Becoming a SME (subject matter expert) in a certain technology (that would benefit the org) and then evangelizing that technology within the organization is a mark that I look for in a senior.
> evangelizing that technology within the organization
Ever heard of the term "architecture astronaut"?
> Your typical architecture astronaut will take a fact like “Napster is a peer-to-peer service for downloading music” and ignore everything but the architecture, thinking it’s interesting because it’s peer to peer, completely missing the point that it’s interesting because you can type the name of a song and listen to it right away.
I mean, I guess it's true that once one understands a certain problem area better than most peers, they will be able to find better alternative tech to solve the problem at hand. But, the other side of that coin is embracing or evangelizing a technology that is not appropriate to the problem (and thus possibly harmful to the business). "Hype driven development" and/or "resume driven development" are some instances of this.
BTW, I stumbled upon a relatively recent and relatively unknown development in CS (with potential real-world applications in parsing formal languages) some time ago, and evangelizing the technology is on my todo list since then. How to do this without seeming like an architecture astronaut? The fields of parsing and formal languages are actually quite unloved in both industry and academia in recent decades, so a more general question is also pertinent: how to get people interested in something that is widely considered boring, or even a solved problem? I guess starting a blog would be a good idea?
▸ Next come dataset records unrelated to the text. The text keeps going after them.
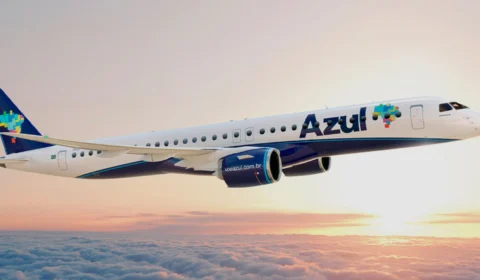 Anac autoriza Gol e Azul a reduzir número de comissários devido avanço da Ômicron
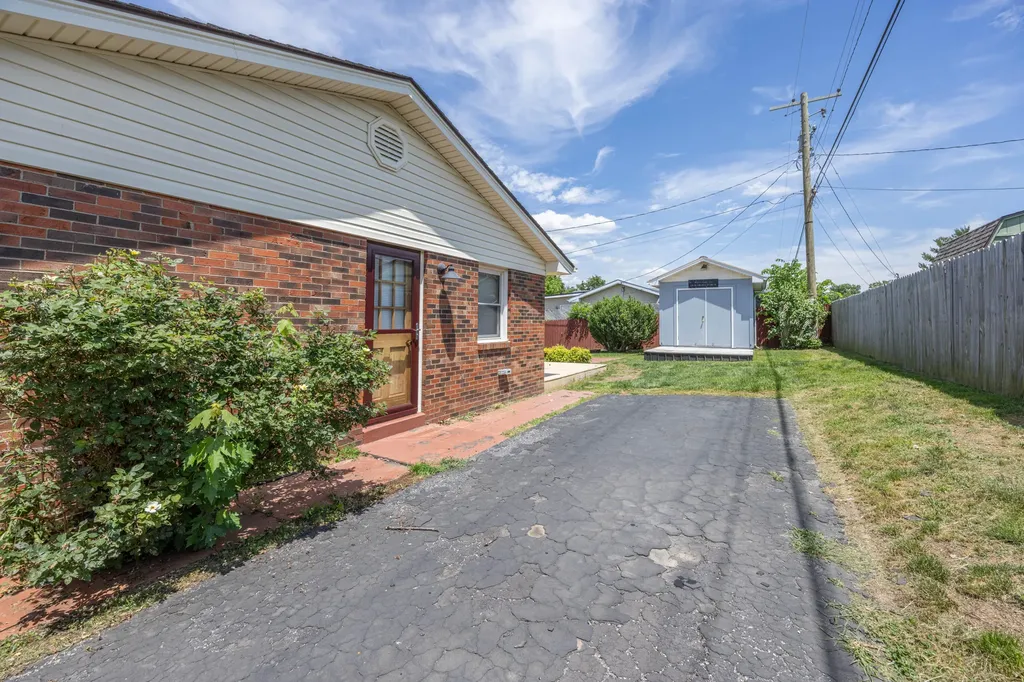 904 Michael Avenue Mt Sterling KY 40353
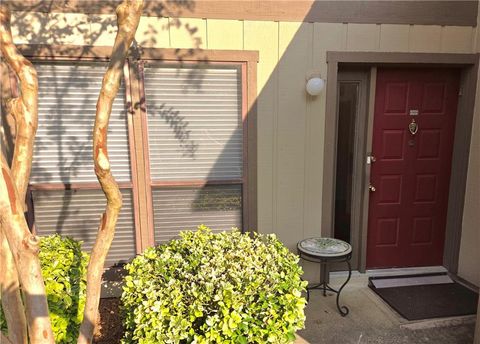 Photo of 605 Woodcliff Drive, Sandy Springs, GA 30350 (MLS # 7652829)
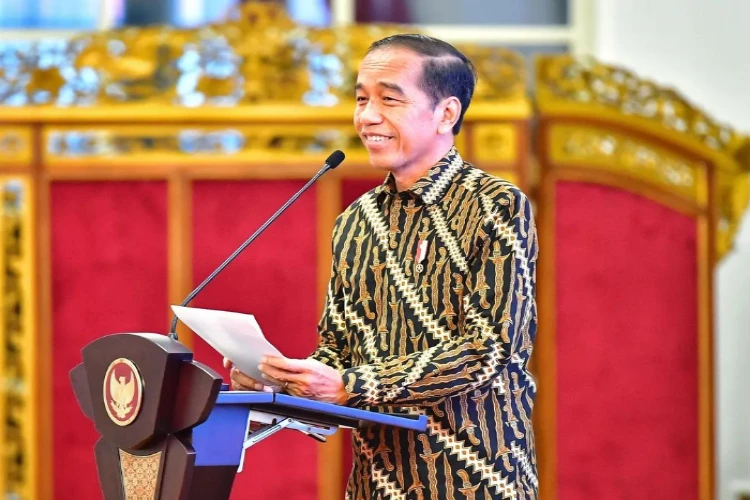 Ket. Foto: Presiden Jokowi Mendiskusikan Kelanjutan Proyek Kereta Cepat Jakarta dengan Bandung dalam Pertemuan dengan Menlu Cina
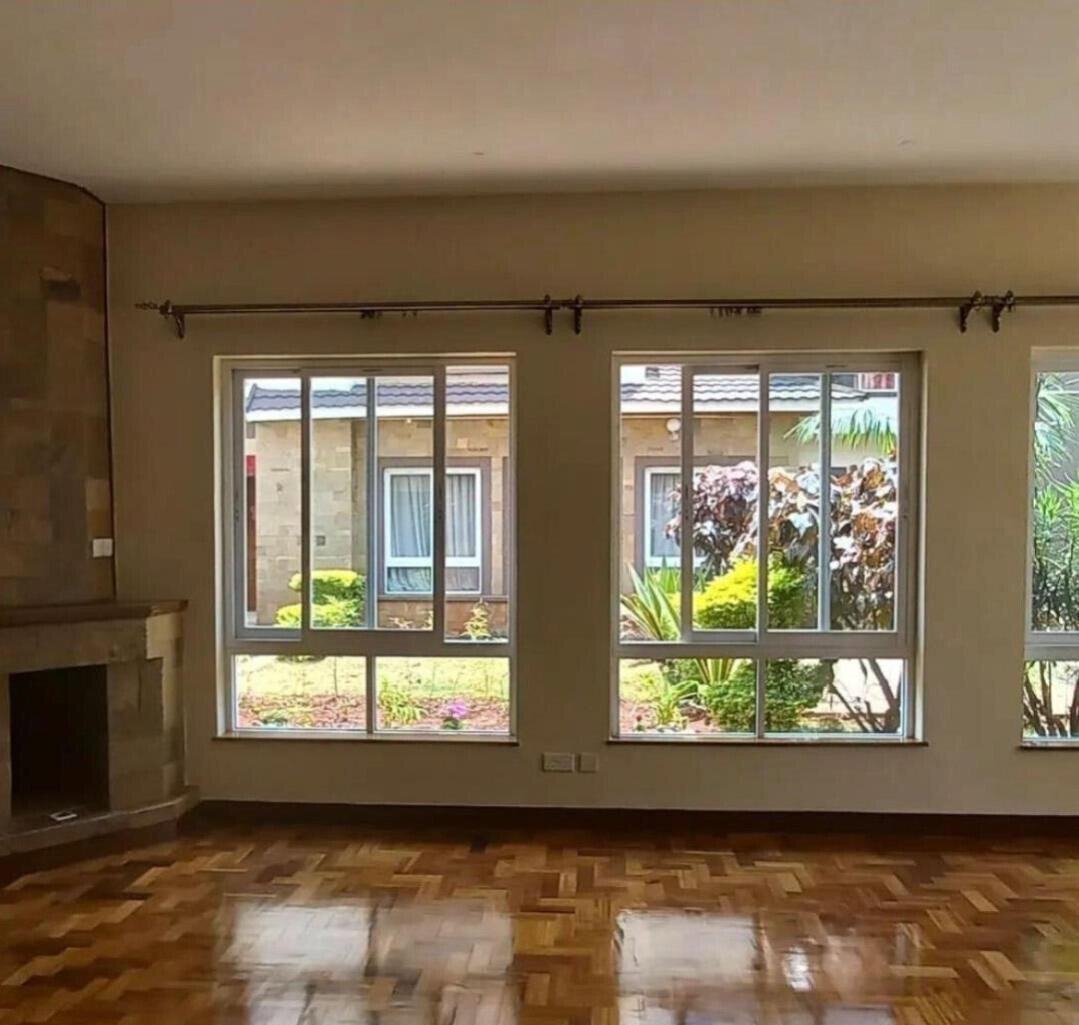 5-Ensuite Townhouse with Servant Quarter & Garden - Lavington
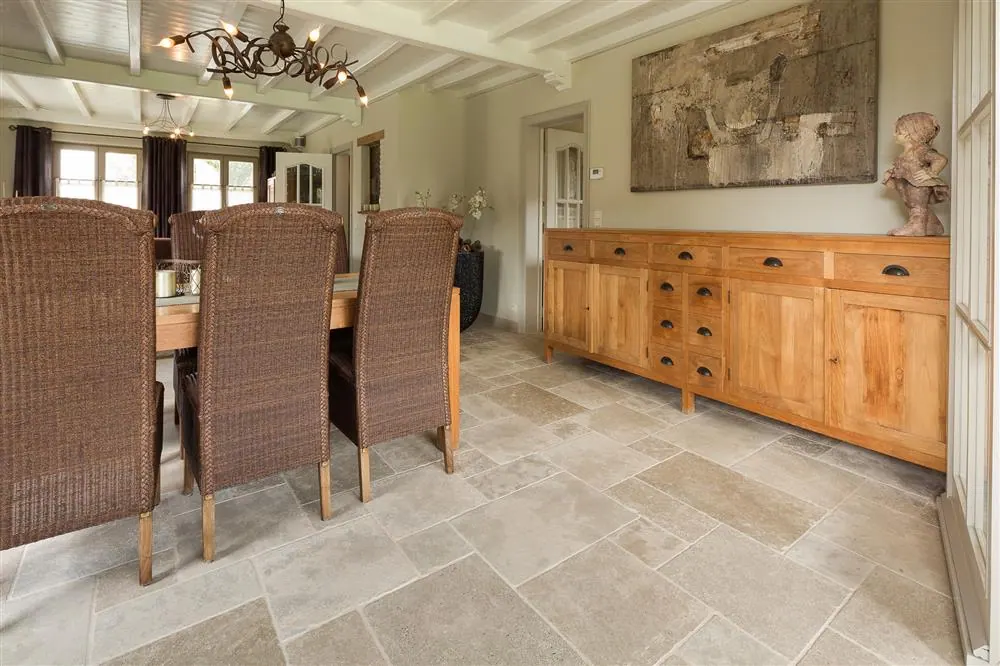 Fezera beige limestone floor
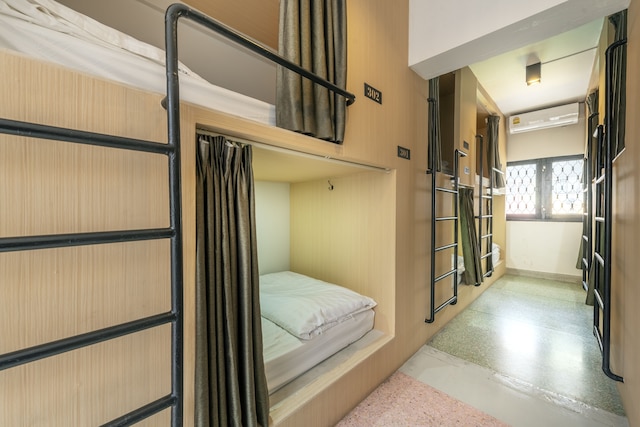 スロース ホステル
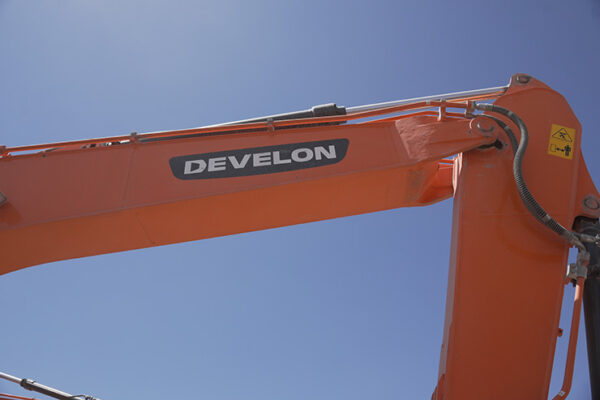 EXCAVADORA DEVELON DX200-3B  - 1026 - Imagen 11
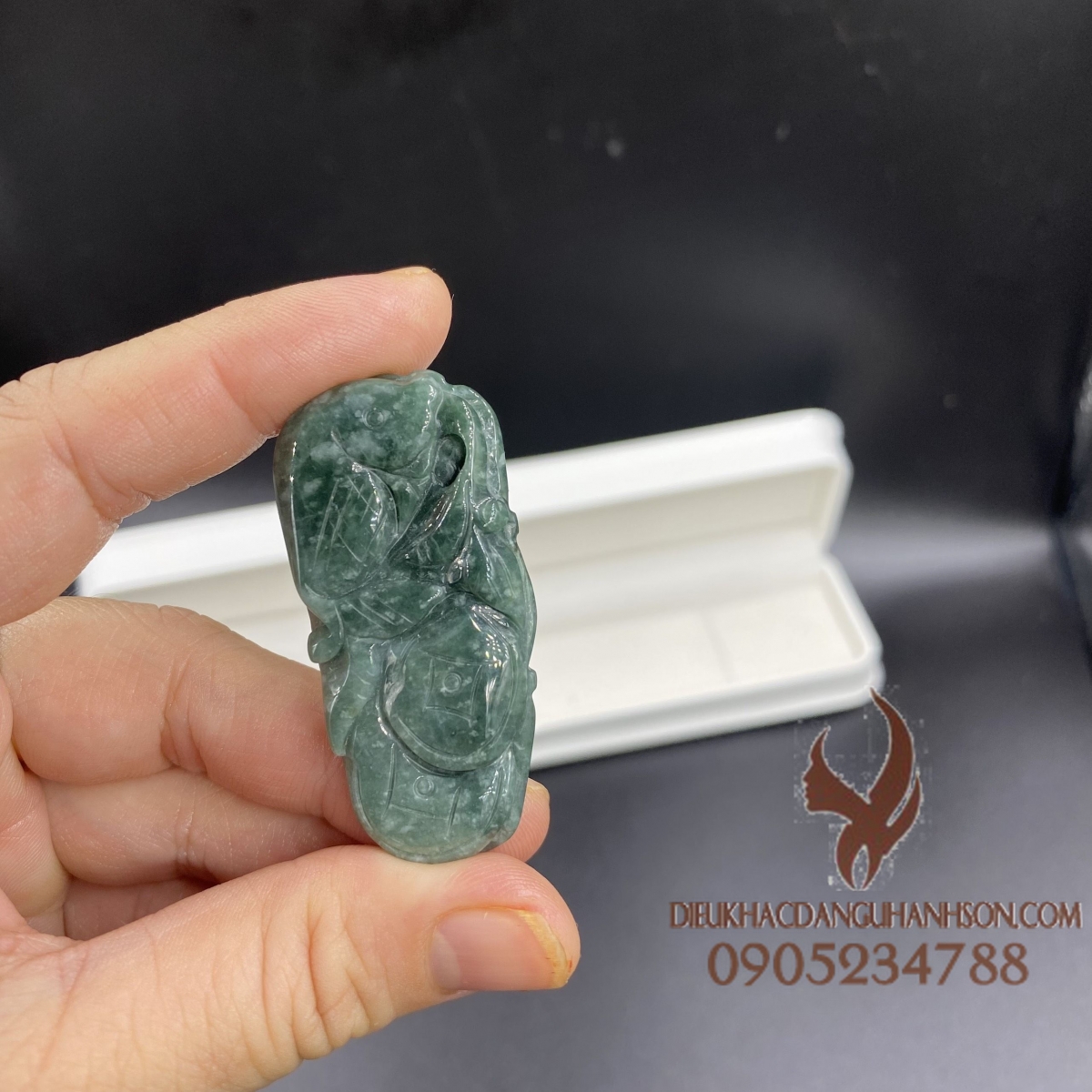 Mặt dây chuyền cá chép cưỡi tiền ngọc cẩm thạch Myanmar tự nhiên (Mã sản phẩm: DQ53)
Care to elaborate? I would associate that to a beginner, and I'd expect a senior to simply advocate for whatever technology works best in each case (i.e., while the junior is focused on a single technology, the senior knows several and keeps in mind that they are just tools to solve business problems)
Becoming a SME in, let’s say Typescript (or for any statically typed language), for example easily takes 2-3 years unless you really excelled in type theory in college. Knowing the ins and outs of advanced types, generics, conditionals, etc and also having implemented these things to a degree where you can do it in your sleep.
No way a junior would be able to do that. Seniors have deep knowledge of the systems/technologies that they work in and are able to articulate that to more senior management on why using that particular thing is the way to go.
Obviously you want seniors to have more than just one (for both their sake and the organization) but it’s a mark that they’ve attained at least one technology that they’ve “leveled up” so to speak.
That is an expensive thing to ask to a person (to be fair, depends on the depth you are asking), since that skill might be useless outside your organization, how do you manage this fact?
I’ve slowly been transitioning into a senior developer. It seems the closer I get, the more management/supervision I do, so the less time to work on my skills.
Your experience allows you to become a force multiplier by teaching/coaching others. Which requires learning that as a skill. Might not be a skill you want, but it’s a skill
It's very hard to kill your darlings as a developer, you have the whole edifice of software engineering best practice right there on people's blogs, there are infinite frameworks, libraries and languages at your fingertips. An appreciation for what's theoretically possible is always useful, but I will hire, promote, and throw money at people who can deliver a 75% solution to a problem with 90% confidence. I will struggle with people who aim for 100% solutions that never materialise.
I don't think that I (as a younger programmer or if I'm honest even quite recently) would want to hear this, from my future self or anyone else, but I would have been happier accepting it early in my career.